A new cybersecurity threat, named 'Cuttlefish', has been identified targeting enterprise-grade and small office/home office (SOHO) routers. The spotted malware is designed to monitor data traffic and steal authentication information, posing significant risks to network security.
What can you do to avoid this kind of threat?
Overview of Cuttlefish Malware
Discovered by Lumen Technologies' Black Lotus Labs, Cuttlefish is capable of creating a covert proxy or VPN tunnel on infected routers. This allows it to exfiltrate data discreetly, circumventing security protocols that typically flag unusual sign-ins. It also carries capabilities for DNS and HTTP hijacking, potentially leading to further malicious payloads being deployed within a network.
How Cuttlefish Infects Networks
While some aspects of Cuttlefish's code bear resemblance to HiatusRat, a malware linked to Chinese state interests, no direct connection has been established. Black Lotus Labs has tracked the malware's activity back to at least July 2023, with a concentrated campaign currently active primarily in Turkey.
According to Bleeping Computer, the exact method of router infection remains unclear, but it likely exploits known vulnerabilities or uses brute-force attacks on weak credentials.
Once installed, Cuttlefish deploys a bash script that collects and sends router data to the attacker, then downloads and executes the primary payload. This payload operates directly from memory to avoid detection, erasing any files that might be used for forensic analysis.

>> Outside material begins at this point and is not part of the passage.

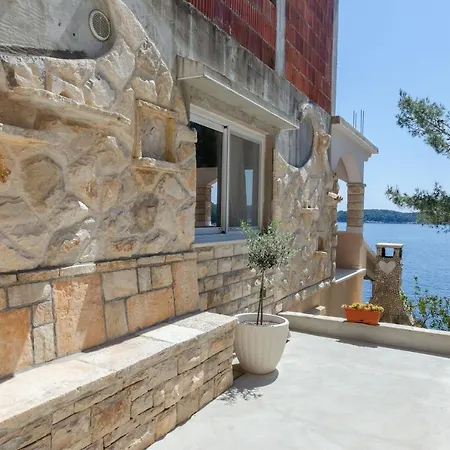 Apartman Donjerkovic2 Prizba, Blato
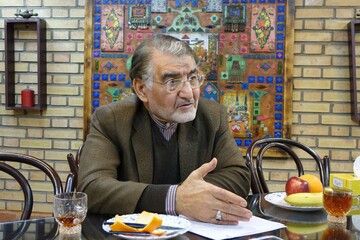 انتقاد آلاسحاق از بنزین پنج هزار تومانی/ نرخ سوم بنزین باید حدود ۴۰ تا ۵۰ هزار تومان باشد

Monitoring Mechanism of Cuttlefish
Upon execution, Cuttlefish filters all router connections, actively searching for data that match predefined "credential markers." These include usernames, passwords, and tokens, particularly those associated with public cloud services like AWS, Digital Ocean, and others.
By capturing these credentials in transit, attackers could potentially access sensitive cloud-stored data without the usual logging or controls found in more traditional network environments.
"Capturing credentials in transit could allow the threat actors to copy data from cloud resources that do not have the same type of logging or controls in place as traditional network perimeters," Black Lotus Labs explained in a report.
Defensive Measures Against Cuttlefish: What You Need to do
For Enterprises:
Strengthen Credentials: Ensure that all network device credentials are robust and regularly updated.
Monitor Unusual Activity: Keep an eye out for odd login attempts, especially those from residential IP addresses.
Implement Secure Traffic Protocols: Use TLS/SSL to encrypt data in transit.
Regular Device Inspections: Check for unusual system files or configurations and routinely reboot devices to clear potential malware.
Use Advanced Authentication Methods: When accessing critical assets remotely, utilize techniques like certificate pinning to enhance security.
For Home Users:
Regular Updates and Reboots: Keep your router's firmware up to date and reboot it regularly to disrupt any potential malware.
Change Default Passwords: Replace default credentials with strong, unique passwords.
Disable Remote Management: Block remote access to the router's management interface to prevent external manipulation.
Device Replacement: Consider replacing routers as they reach their end-of-life phase to benefit from improved security features in newer models.
Without strong security, Cuttlefish can easily exploit the network devices without extra effort. It can effortlessly siphon sensitive data and evade security walls.
Experts recommend that both individual users and organizations adopt comprehensive security strategies to protect themselves against this threat.